In some operating systems and with a specific configuration, an IPv6 socket can listen for both IPv4 and IPv6 connections, IF the configuration allows so. The disadvantage is that the application sees that IPv4 connection as if it was initiated from the IPv6 address prefix ::ffff:0:0:/96 where client's IPv4 address is mapped in the last 32 bits of that prefix.

An alternative to using just an IPv6 socket to handle both protocol connections is to use two sockets, based on current system's configuration, and multiplex connection processing.

As for this specific problem, the workaround provided in my original post would help for the case where an IPv6 address would be provided (e.g. ::, ::1, 2001:db8:dead::beef). Only in the case of binding to :: together with the OS-specific configuration (as mentioned above) would the server accept IPv4 connections on that socket too.

For hostnames resolving to address families of both protocols, the workaround wouldn't help at all.

This is definitely something to be fixed in the code of TCPSocket, as both client_python and WSGIServer just pass the address down the stack. But it isn't.

@brian-brazil: there is no light at the end of the tunnel to have this fixed in TCPSocket any time soon. Considering all of the above, including your statement that there is currently no IPv4/IPv6 specific code, would you be willing to make any change to the repo to at least enable listening on ::?

Thank you.

It is the correct issue.

I'm a bit confused then here. What exactly was fixed in cPython 3.8?

http.server was fixed to allow binds on IPv6 addresses, e.g. ::.
TCPSocket is still broken.

# python3 -V
Python 3.7.3
# python3 -m http.server --bind ::
Traceback (most recent call last):
  File "/usr/lib/python3.7/runpy.py", line 193, in _run_module_as_main
    "__main__", mod_spec)
  File "/usr/lib/python3.7/runpy.py", line 85, in _run_code
    exec(code, run_globals)
  File "/usr/lib/python3.7/http/server.py", line 1262, in <module>
    test(HandlerClass=handler_class, port=args.port, bind=args.bind)
  File "/usr/lib/python3.7/http/server.py", line 1230, in test
    with ServerClass(server_address, HandlerClass) as httpd:
  File "/usr/lib/python3.7/socketserver.py", line 452, in __init__
    self.server_bind()
  File "/usr/lib/python3.7/http/server.py", line 137, in server_bind
    socketserver.TCPServer.server_bind(self)
  File "/usr/lib/python3.7/socketserver.py", line 466, in server_bind
    self.socket.bind(self.server_address)
socket.gaierror: [Errno -9] Address family for hostname not supported
# python3.8 -V
Python 3.8.5
# python3.8 -m http.server --bind ::
Serving HTTP on :: port 8000 (http://[::]:8000/) ...
^C
Keyboard interrupt received, exiting.

Do you have a link to how they fixed it? I'd rather not reinvent the wheel.

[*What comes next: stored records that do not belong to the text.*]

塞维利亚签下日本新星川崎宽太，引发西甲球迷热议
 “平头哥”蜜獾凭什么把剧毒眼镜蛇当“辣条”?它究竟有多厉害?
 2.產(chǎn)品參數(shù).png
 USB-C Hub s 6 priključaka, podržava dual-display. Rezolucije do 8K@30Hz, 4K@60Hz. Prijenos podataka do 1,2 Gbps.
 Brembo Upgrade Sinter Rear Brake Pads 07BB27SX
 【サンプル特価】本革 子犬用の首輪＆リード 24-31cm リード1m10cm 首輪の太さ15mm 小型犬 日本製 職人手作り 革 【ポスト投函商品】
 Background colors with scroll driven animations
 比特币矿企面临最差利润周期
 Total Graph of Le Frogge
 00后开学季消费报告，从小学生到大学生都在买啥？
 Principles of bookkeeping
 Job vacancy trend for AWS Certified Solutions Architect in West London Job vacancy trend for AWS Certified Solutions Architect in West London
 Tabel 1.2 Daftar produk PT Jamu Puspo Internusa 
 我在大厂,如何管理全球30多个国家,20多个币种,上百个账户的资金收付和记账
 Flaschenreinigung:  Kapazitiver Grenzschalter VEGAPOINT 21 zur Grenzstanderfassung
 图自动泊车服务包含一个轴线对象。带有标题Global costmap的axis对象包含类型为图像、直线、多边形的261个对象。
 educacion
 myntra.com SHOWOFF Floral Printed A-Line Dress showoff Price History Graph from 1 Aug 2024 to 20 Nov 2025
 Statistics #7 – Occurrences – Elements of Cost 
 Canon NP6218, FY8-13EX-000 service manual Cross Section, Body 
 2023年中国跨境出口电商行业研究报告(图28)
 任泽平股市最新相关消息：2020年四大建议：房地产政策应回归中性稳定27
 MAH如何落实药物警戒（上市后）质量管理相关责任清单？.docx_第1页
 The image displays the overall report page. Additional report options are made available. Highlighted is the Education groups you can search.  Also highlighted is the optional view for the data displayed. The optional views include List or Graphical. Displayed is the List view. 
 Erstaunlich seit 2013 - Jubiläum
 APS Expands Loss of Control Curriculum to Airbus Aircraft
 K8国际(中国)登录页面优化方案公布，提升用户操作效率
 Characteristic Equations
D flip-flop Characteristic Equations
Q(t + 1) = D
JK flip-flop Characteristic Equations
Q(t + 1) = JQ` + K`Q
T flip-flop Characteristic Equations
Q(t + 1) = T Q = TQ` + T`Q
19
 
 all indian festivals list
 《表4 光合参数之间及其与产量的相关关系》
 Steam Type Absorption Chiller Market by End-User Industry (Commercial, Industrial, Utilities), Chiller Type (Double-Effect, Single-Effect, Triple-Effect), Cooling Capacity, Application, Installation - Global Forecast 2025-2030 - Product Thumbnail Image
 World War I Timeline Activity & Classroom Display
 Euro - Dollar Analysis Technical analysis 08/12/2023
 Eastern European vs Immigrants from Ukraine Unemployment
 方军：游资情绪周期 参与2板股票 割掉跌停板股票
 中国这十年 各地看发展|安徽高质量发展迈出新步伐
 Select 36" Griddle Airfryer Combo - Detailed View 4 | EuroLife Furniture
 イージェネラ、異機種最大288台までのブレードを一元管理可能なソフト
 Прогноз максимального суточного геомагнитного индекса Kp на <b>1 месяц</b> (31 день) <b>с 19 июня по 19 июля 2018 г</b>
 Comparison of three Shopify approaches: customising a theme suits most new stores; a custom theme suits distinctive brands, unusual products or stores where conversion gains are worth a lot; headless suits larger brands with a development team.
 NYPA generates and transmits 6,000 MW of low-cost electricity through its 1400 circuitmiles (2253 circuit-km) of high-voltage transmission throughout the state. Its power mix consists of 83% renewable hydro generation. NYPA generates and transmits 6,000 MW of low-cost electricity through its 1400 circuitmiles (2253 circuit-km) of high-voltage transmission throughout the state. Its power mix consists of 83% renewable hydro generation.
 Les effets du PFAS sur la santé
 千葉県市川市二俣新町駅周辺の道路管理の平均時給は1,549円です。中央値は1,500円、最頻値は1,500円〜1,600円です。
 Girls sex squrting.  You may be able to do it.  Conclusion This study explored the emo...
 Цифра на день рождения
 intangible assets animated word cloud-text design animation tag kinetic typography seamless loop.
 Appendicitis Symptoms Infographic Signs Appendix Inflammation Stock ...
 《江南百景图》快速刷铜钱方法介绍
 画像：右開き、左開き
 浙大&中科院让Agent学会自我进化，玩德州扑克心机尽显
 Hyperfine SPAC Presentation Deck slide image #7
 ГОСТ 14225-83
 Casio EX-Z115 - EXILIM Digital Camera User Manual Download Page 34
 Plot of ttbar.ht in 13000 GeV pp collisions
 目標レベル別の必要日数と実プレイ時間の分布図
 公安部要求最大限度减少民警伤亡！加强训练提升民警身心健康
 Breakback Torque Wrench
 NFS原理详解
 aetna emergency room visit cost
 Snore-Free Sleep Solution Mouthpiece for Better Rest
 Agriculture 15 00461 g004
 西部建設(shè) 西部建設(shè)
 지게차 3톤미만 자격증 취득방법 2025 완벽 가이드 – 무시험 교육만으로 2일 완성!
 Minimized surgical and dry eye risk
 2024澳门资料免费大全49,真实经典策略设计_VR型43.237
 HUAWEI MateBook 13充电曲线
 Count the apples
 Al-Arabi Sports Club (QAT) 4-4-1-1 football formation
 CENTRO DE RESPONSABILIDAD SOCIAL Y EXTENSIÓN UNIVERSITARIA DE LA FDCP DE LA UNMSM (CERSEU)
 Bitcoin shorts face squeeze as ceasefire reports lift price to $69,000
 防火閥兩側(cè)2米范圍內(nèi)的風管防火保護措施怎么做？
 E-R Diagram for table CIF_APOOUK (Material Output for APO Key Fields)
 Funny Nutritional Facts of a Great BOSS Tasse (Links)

Well. Yes, I have a link, but you will probably not like the patch. (It has the same disadvantages as the workaround proposed in this bug report.)

https://bugs.python.org/file39390/ipv6.patch
https://bugs.python.org/issue24209
https://docs.python.org/3.8/library/http.server.html
https://stackoverflow.com/questions/25817848/python-3-does-http-server-support-ipv6

As far as I see, we could also add an extra parameter to explicitely allow binding on IPv6.

As far as I see, we could also add an extra parameter to explicitely allow binding on IPv6.

start_http_server is meant to be very very simple to get someone exposing metrics quickly, in principle it shouldn't even be allowing an address to be specified. If you've more complex needs, it's better to use your own http server rather than growing start_http_server into a does-everything solution.

Well. Yes, I have a link, but you will probably not like the patch.

Hmm, that doesn't look like the patch that was used.
python/cpython@f289084 seems to be it, which was rejected as an idea in https://bugs.python.org/issue20215. In fact it looks like a https://bugs.python.org/file39390/ipv6.patch like approach was removed from the code.

This seems a bit messy on the Python end, so I'd like to get a better handle on how cPython intendeds to approach this.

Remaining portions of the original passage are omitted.